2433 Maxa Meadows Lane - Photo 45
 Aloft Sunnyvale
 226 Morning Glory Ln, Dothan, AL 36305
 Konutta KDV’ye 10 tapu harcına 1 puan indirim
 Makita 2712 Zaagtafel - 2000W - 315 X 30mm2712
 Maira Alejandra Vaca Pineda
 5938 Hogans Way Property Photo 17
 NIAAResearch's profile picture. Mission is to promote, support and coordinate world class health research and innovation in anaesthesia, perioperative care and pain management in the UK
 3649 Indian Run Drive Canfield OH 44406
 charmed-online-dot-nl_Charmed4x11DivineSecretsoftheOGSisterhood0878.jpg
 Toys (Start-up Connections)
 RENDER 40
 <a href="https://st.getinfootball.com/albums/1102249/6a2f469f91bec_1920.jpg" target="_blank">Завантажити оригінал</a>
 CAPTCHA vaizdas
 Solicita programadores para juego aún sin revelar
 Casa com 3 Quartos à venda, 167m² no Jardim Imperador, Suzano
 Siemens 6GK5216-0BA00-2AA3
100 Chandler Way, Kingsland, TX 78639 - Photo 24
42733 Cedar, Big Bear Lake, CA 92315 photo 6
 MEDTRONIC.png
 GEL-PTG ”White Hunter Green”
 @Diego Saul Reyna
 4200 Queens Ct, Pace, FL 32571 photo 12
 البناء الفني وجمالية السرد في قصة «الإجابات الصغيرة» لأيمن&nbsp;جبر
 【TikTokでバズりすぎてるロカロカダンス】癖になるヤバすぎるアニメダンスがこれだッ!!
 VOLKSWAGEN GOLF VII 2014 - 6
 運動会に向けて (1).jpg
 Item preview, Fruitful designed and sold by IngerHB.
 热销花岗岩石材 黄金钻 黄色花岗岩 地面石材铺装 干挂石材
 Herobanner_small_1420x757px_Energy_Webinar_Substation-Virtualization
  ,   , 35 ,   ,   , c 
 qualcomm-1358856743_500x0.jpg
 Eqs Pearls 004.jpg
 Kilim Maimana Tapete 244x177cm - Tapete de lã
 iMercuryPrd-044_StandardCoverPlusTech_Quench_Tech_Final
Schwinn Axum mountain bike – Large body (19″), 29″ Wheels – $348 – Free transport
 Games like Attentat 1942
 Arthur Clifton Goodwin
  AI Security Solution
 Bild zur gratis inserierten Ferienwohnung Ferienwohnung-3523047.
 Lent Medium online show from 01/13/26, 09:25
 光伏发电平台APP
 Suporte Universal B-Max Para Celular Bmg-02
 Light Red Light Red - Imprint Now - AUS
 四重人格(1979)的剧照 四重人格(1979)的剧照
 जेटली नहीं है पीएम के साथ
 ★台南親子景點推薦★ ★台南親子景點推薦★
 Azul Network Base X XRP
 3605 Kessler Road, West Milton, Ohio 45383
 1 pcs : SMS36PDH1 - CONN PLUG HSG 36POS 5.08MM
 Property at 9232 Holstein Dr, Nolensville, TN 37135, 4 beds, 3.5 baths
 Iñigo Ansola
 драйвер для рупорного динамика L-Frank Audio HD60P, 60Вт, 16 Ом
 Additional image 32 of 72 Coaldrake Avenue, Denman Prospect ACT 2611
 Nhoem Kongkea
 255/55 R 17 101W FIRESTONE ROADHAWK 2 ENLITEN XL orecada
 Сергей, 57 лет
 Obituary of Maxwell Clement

┄┄┄┄┄┄┄┄┄┄

Your goal ▸ The lines from the first of the entries through the line holding "3649 Indian Run Drive Canfield OH 44406" are to be restated word for word, and no others.

Result for this exercise ▸
2433 Maxa Meadows Lane - Photo 45
 Aloft Sunnyvale
 226 Morning Glory Ln, Dothan, AL 36305
 Konutta KDV’ye 10 tapu harcına 1 puan indirim
 Makita 2712 Zaagtafel - 2000W - 315 X 30mm2712
 Maira Alejandra Vaca Pineda
 5938 Hogans Way Property Photo 17
 NIAAResearch's profile picture. Mission is to promote, support and coordinate world class health research and innovation in anaesthesia, perioperative care and pain management in the UK
 3649 Indian Run Drive Canfield OH 44406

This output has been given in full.